A minimal workflow that asserts thresholds and fails the build on regressions:

name: lighthouse
on: [pull_request]
jobs:
  lhci:
    runs-on: ubuntu-latest
    steps:
      - uses: actions/checkout@v4
      - uses: actions/setup-node@v4
        with:
          node-version: 20
      - name: Run Lighthouse CI
        uses: treosh/lighthouse-ci-action@v12
        with:
          urls: |
            https://staging.example.com/
            https://staging.example.com/geo/what-is-geo
          configPath: ./.lighthouserc.json
          uploadArtifacts: true

With assertions in .lighthouserc.json:

{
  "ci": {
    "assert": {
      "assertions": {
        "categories:performance": ["warn", { "minScore": 0.8 }],
        "categories:accessibility": ["error", { "minScore": 0.95 }],
        "categories:seo": ["error", { "minScore": 0.95 }],
        "categories:best-practices": ["error", { "minScore": 0.9 }]
      }
    }
  }
}

Keep performance as a warn, not an error — lab performance is noisy across runs; use CrUX or RUM to gate ship decisions on real-user data.

Common False Positives

Third-party analytics killing performance. Tag managers, A/B test SDKs, and chat widgets routinely cost 20-30 performance points. Decide consciously whether the business value is worth it and document the trade-off.
Lighthouse running on a 2016-equivalent phone with throttled 4G. It is meant to be a stress test. A 70 mobile / 95 desktop split is normal for content-heavy pages.
Score variance run-to-run. ±5 points between runs is expected. Use median-of-five for any decision.
Single-page apps reporting low SEO scores due to client-side routing. This is real, not a false positive: AI crawlers usually do not execute JavaScript, so SSR or static rendering is required for GEO.

FAQ

Q: Do AI providers use Lighthouse scores to decide which sites to cite?

No provider has publicly confirmed that. What AI extractors do care about — clean HTML, fast TTFB, semantic structure, accurate metadata — is what Lighthouse audits surface, so a clean Lighthouse report correlates with extractability without being a direct ranking input.

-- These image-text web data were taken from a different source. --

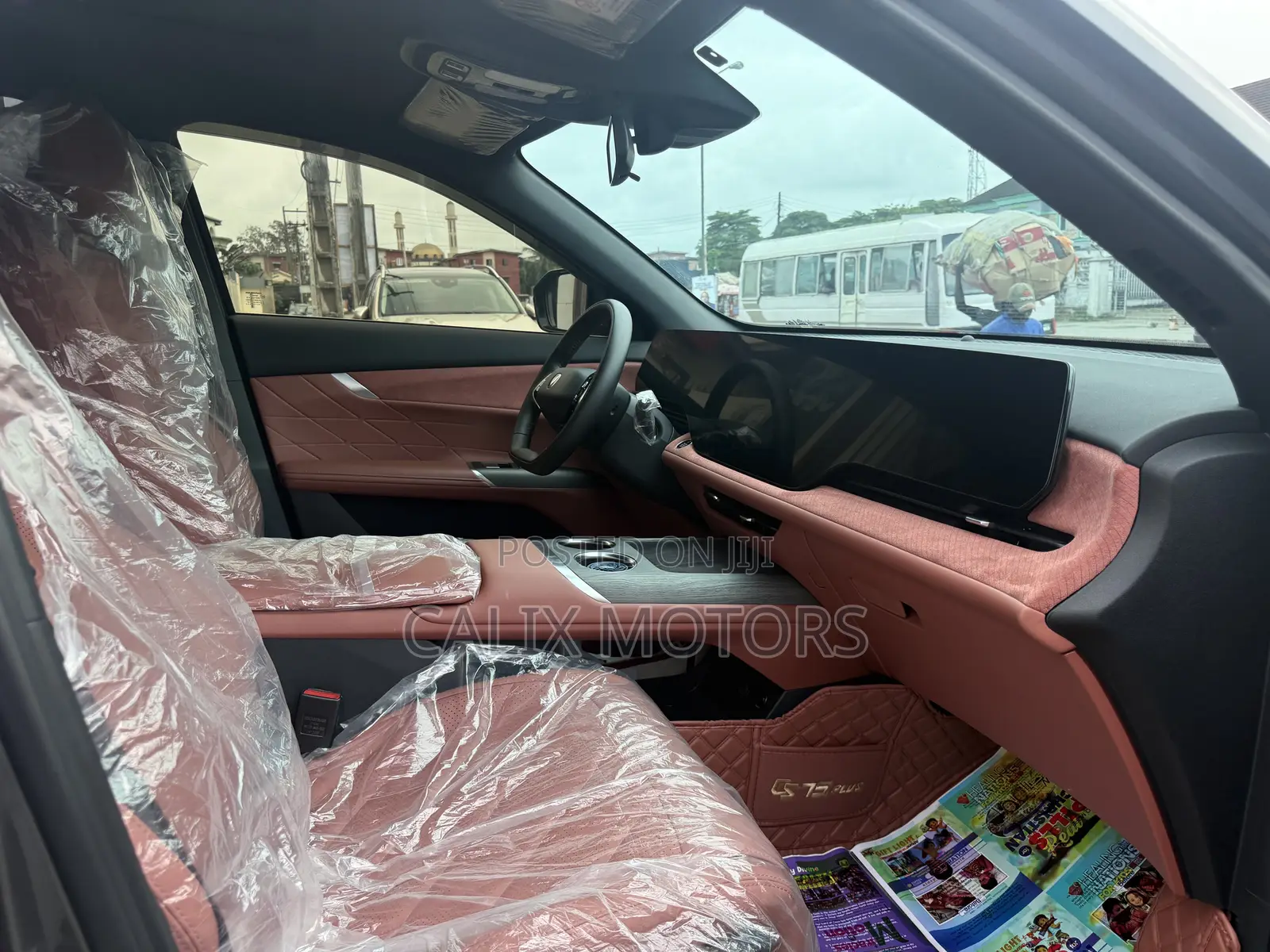 New Changan CS75 Plus 2025 Gray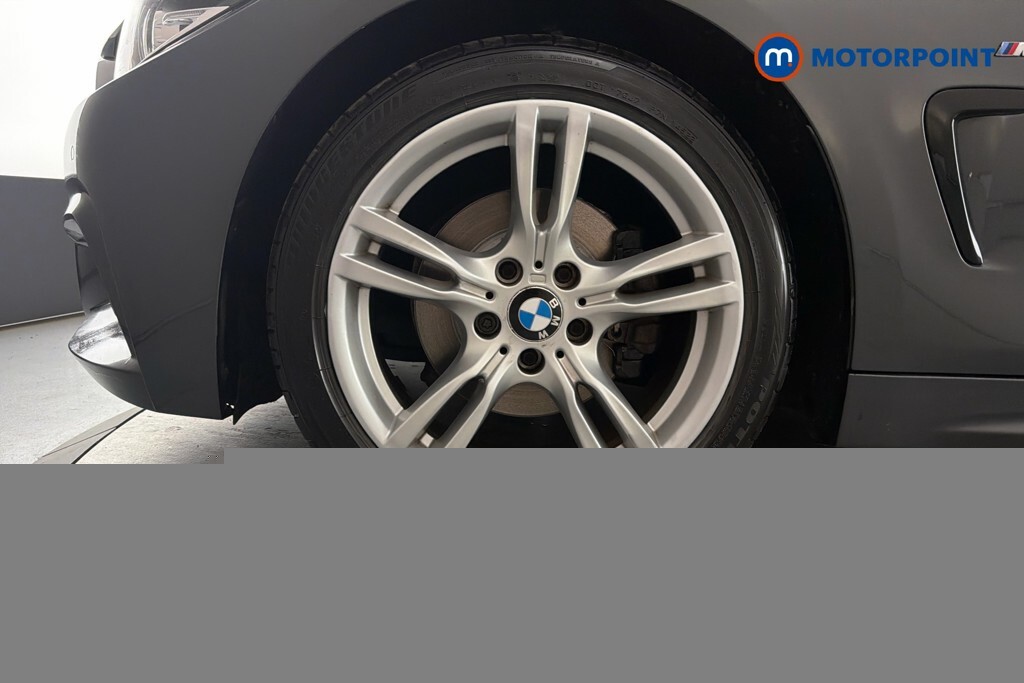 BMW 4 Series Convertible Grey #36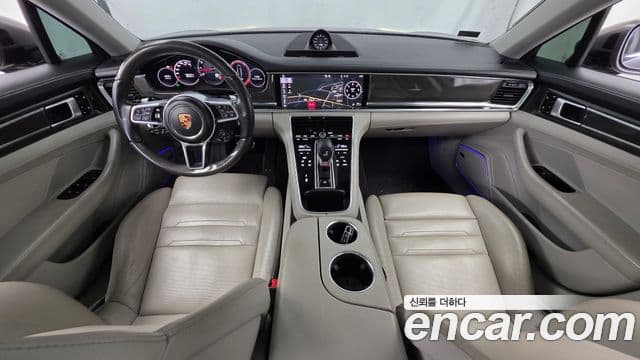 Porsche Panamera 2018 — ფოტო 9/20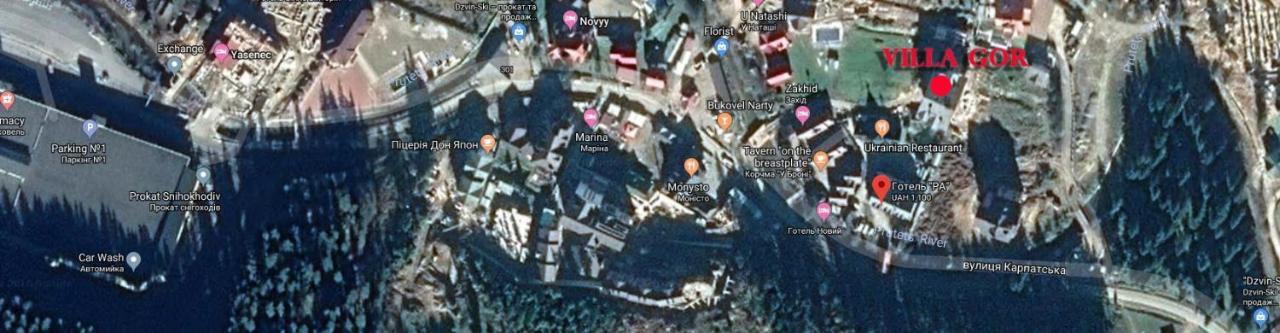 Villa Gor Bukowel Zewnętrze zdjęcie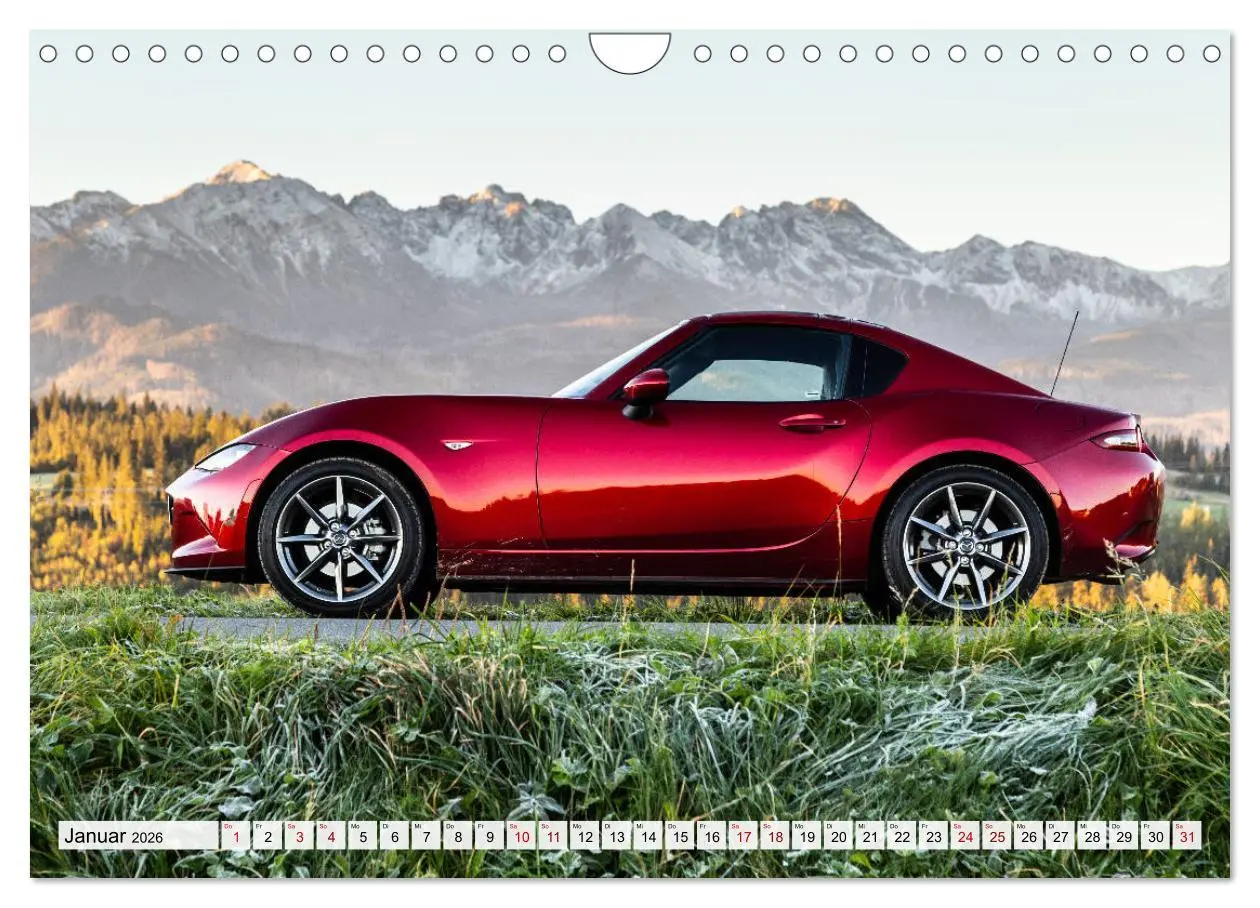 Bild: 9783457770962 | Ich liebe Miata (Wandkalender 2026 DIN A4 quer), CALVENDO...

Q: Should I optimize for the lab Lighthouse score or CrUX field data?

Use Lighthouse to catch regressions in CI and CrUX to validate real-user experience. Google's ranking-relevant signal is field data; lab data is the canary that tells you something changed before users feel it.

Q: Lighthouse SEO score is 100 but I'm not getting AI citations. Why?

Lighthouse SEO covers structural readiness, not topical authority. A 100 means crawlers can read your page; it does not mean AI systems pick you as the best source. Pair Lighthouse with topical depth, internal linking, and structured data work.

Q: What target scores should we set in CI?

Reasonable defaults: SEO ≥ 95, Accessibility ≥ 95, Best Practices ≥ 90, Performance warn at 80. Tune by content template, not site-wide — hub pages and article pages have different floors.

Q: Is INP the same as the old FID?

No. FID measured only the delay before the first input was processed. INP captures the full interaction-to-paint cost across the worst-of-all interactions on the page, which is a far better proxy for perceived responsiveness. INP replaced FID on 12 March 2024.